▸ Aim of the exercise
Take the entries that follow and return exactly the lines from the one holding "Азитрал капсулы 250 мг 6 шт. в Живика" through the one holding "رله دوبل ساژم", both included. Nothing else is needed.

▸ Extracted records

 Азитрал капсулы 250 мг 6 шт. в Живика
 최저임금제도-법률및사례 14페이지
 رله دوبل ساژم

---

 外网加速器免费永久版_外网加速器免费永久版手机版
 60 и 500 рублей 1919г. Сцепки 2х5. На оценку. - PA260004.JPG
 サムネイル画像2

...

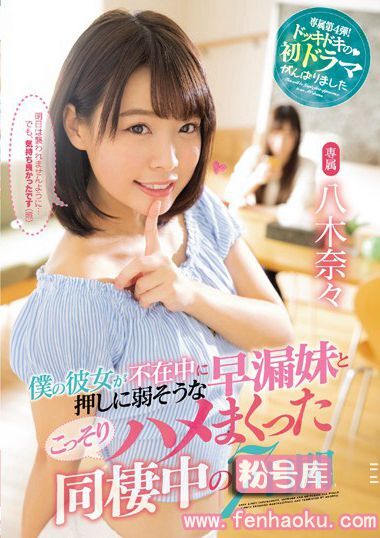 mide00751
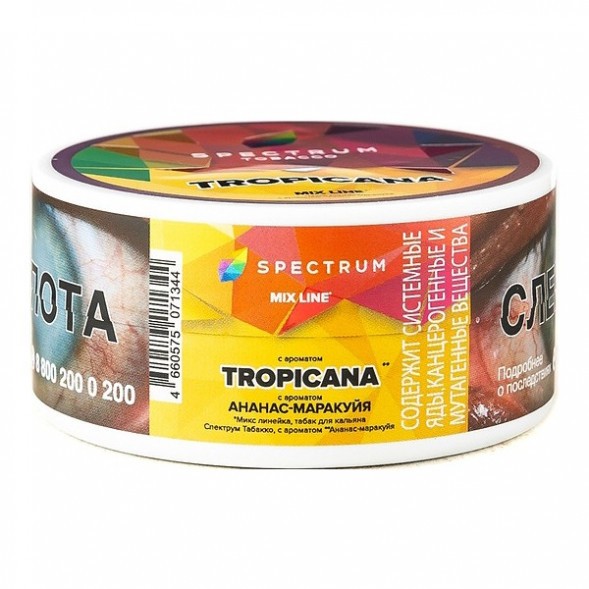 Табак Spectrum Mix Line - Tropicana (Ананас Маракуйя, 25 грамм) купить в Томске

▸ Response to this task
 Азитрал капсулы 250 мг 6 шт. в Живика
 최저임금제도-법률및사례 14페이지
 رله دوبل ساژم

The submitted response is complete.